ASSIGNED TASK —
Down to the final line, print the records below exactly and without pictures.

(Entries taken from a collection)
---------------

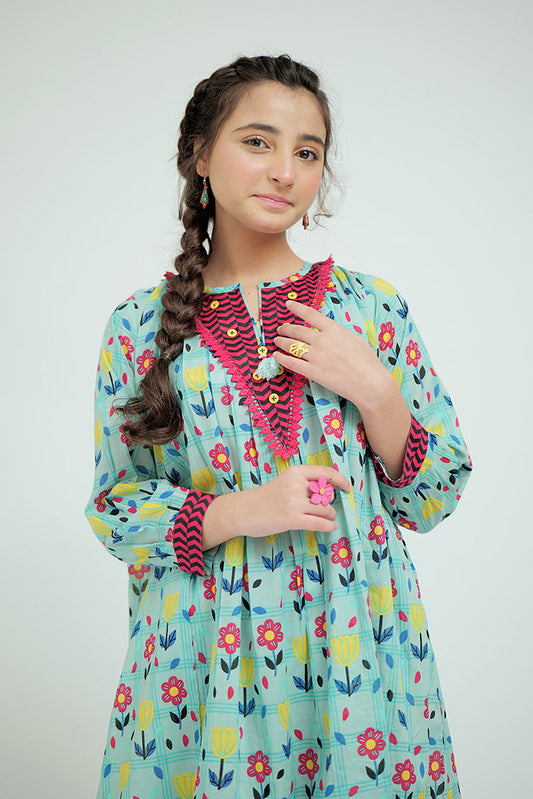 Senorita - GAC-02573 | Sea Green & Multicolor | Casual 2 Piece Suit  | Cotton Lawn Printed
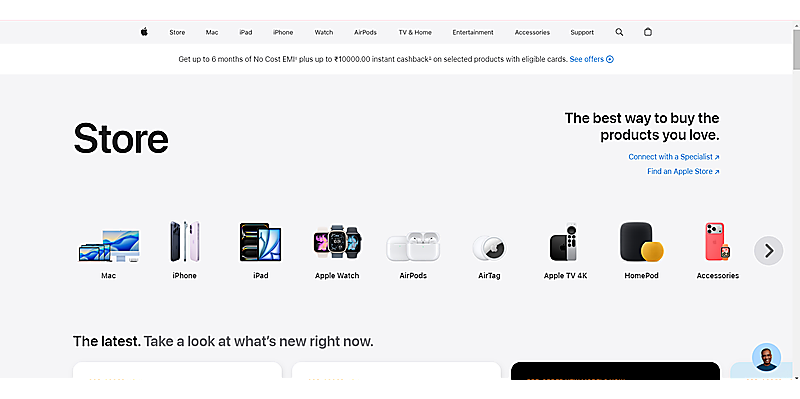 business website example apple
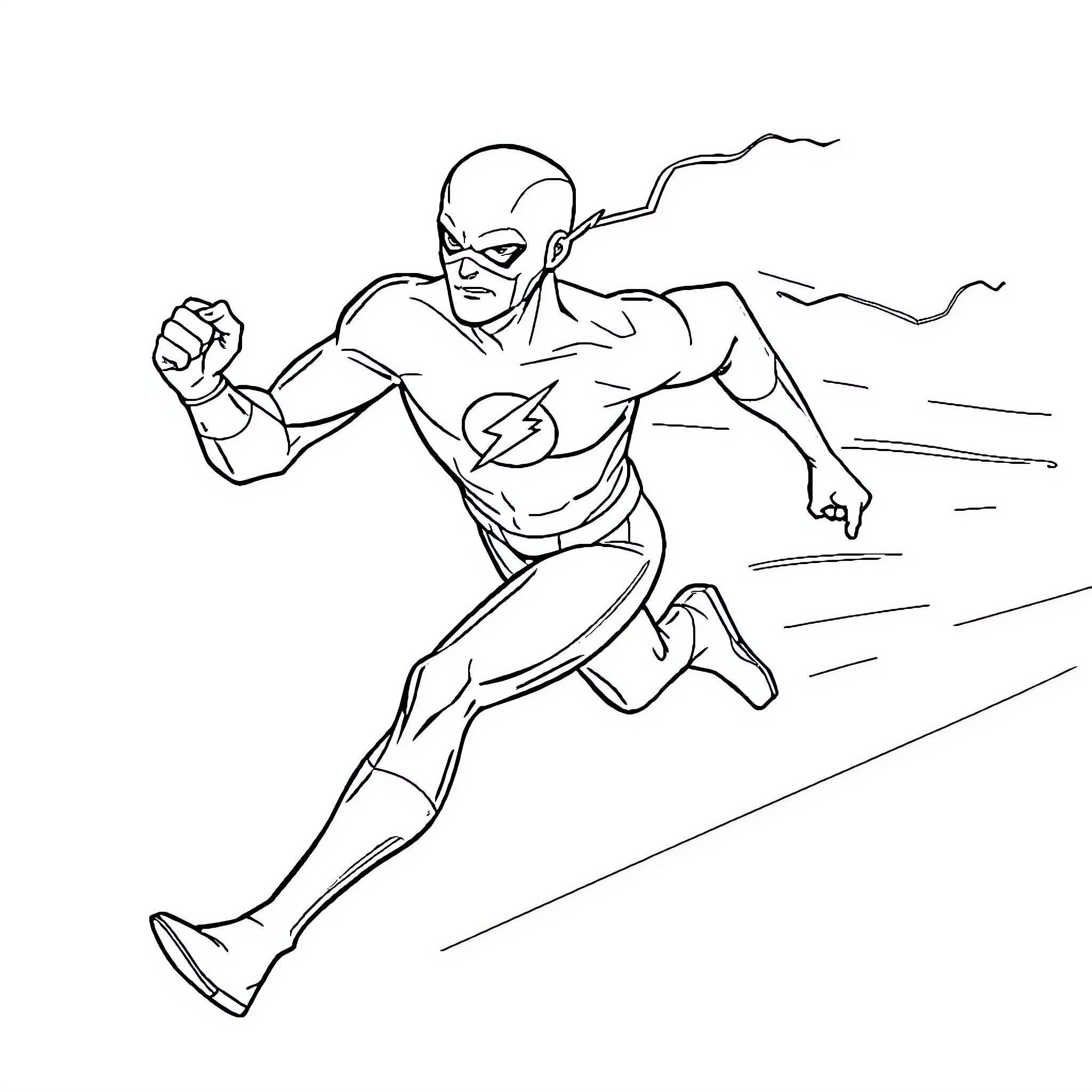 Flash Dashing Through the Scene Coloring Page (free black-and-white line drawing printable PDF for all, from beginners to advanced learners, including children, teens, adults, and seniors)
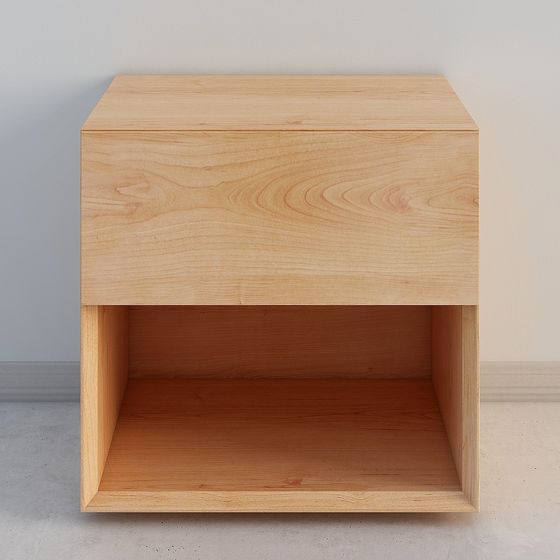 Elegant Low-Polygon Wooden Side Table 3D model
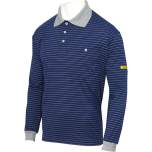HB protectionbekleidung 08011 86008 000 2042-S. ESD polo shirt CONDUCTEX men, long-sleeved, dark blue/grey, chest pocket, S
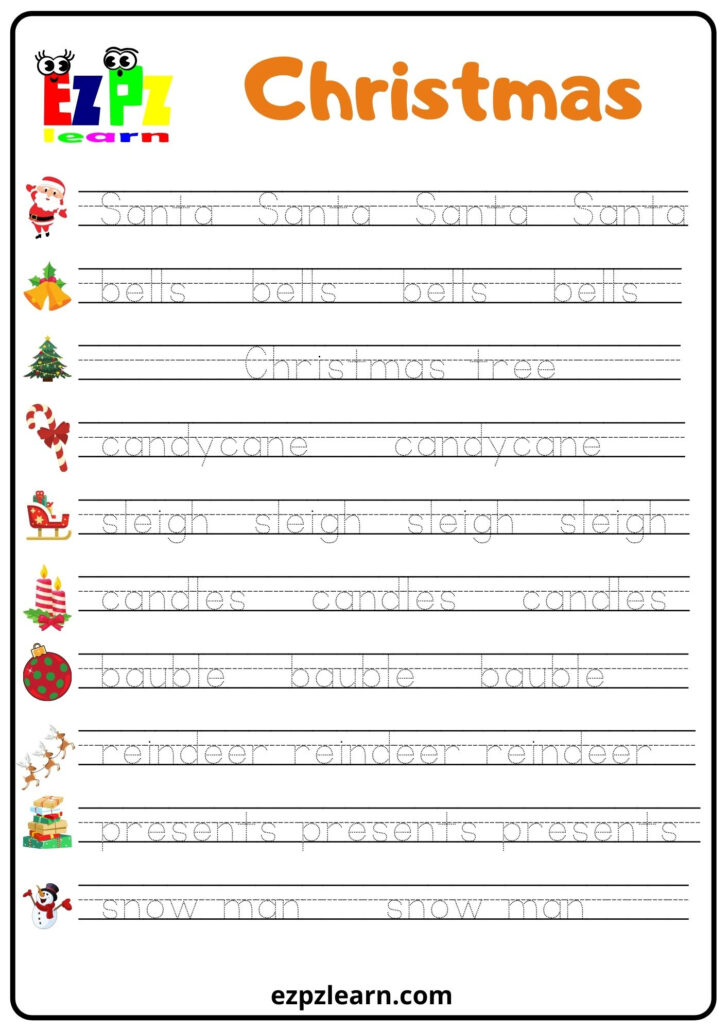 Christmas Tracing Worksheets Preschool Free Download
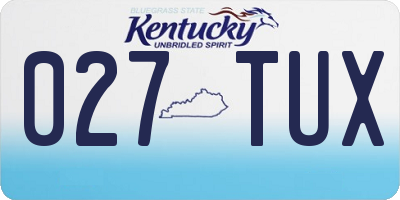 KY license plate 027TUX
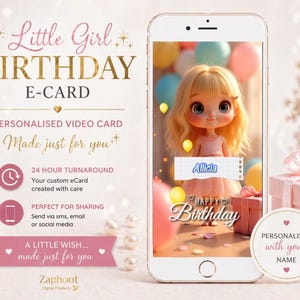 以下が含まれることがあります： スマートフォン上のデジタル誕生日eカード。カードには、金髪とピンクのドレスを着た漫画の女の子が描かれており、風船に囲まれています。「Little Girl Birthday E-Card」と「Happy Birthday」の文字が含まれています。カードは「Alicia」という名前でパーソナライズされています。
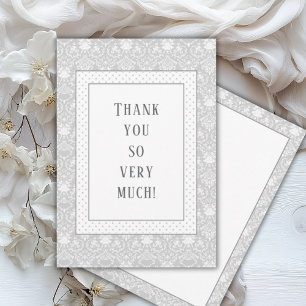 Graue Shabby-Chic-Vintage-Baby-Party Dankeskarte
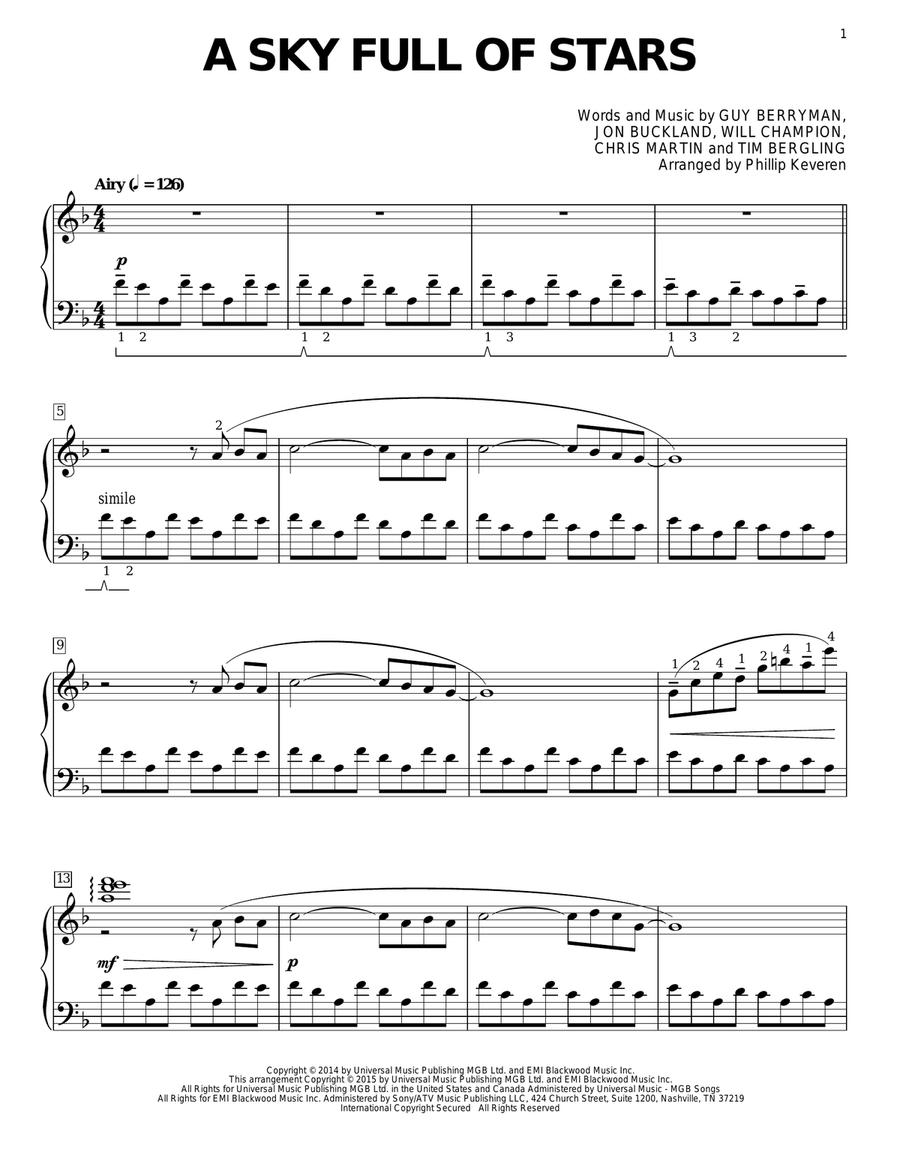 coldplay sky full of stars piano sheet music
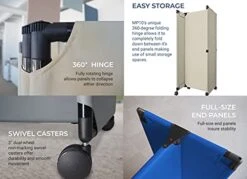 Versare MP10H Portable Folding Economical Partition | 5 Panels | Adjustable Widths | Freestanding Room Divider On Wheels | Beige 10' Wide X 6'10'' Tall 8 Versare MP10H Portable Folding Economical Partition | 5 Panels | Adjustable Widths | Freestanding Room Divider On Wheels | Beige 10' Wide X 6'10'' Tall -Best Furniture Store 41ZD9UI8pQL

---------------

WRITTEN ANSWER —
 Senorita - GAC-02573 | Sea Green & Multicolor | Casual 2 Piece Suit  | Cotton Lawn Printed
 business website example apple
 Flash Dashing Through the Scene Coloring Page (free black-and-white line drawing printable PDF for all, from beginners to advanced learners, including children, teens, adults, and seniors)
 Elegant Low-Polygon Wooden Side Table 3D model
HB protectionbekleidung 08011 86008 000 2042-S. ESD polo shirt CONDUCTEX men, long-sleeved, dark blue/grey, chest pocket, S
 Christmas Tracing Worksheets Preschool Free Download
 KY license plate 027TUX
 以下が含まれることがあります： スマートフォン上のデジタル誕生日eカード。カードには、金髪とピンクのドレスを着た漫画の女の子が描かれており、風船に囲まれています。「Little Girl Birthday E-Card」と「Happy Birthday」の文字が含まれています。カードは「Alicia」という名前でパーソナライズされています。
 Graue Shabby-Chic-Vintage-Baby-Party Dankeskarte
 coldplay sky full of stars piano sheet music
 Versare MP10H Portable Folding Economical Partition | 5 Panels | Adjustable Widths | Freestanding Room Divider On Wheels | Beige 10' Wide X 6'10'' Tall 8 Versare MP10H Portable Folding Economical Partition | 5 Panels | Adjustable Widths | Freestanding Room Divider On Wheels | Beige 10' Wide X 6'10'' Tall -Best Furniture Store 41ZD9UI8pQL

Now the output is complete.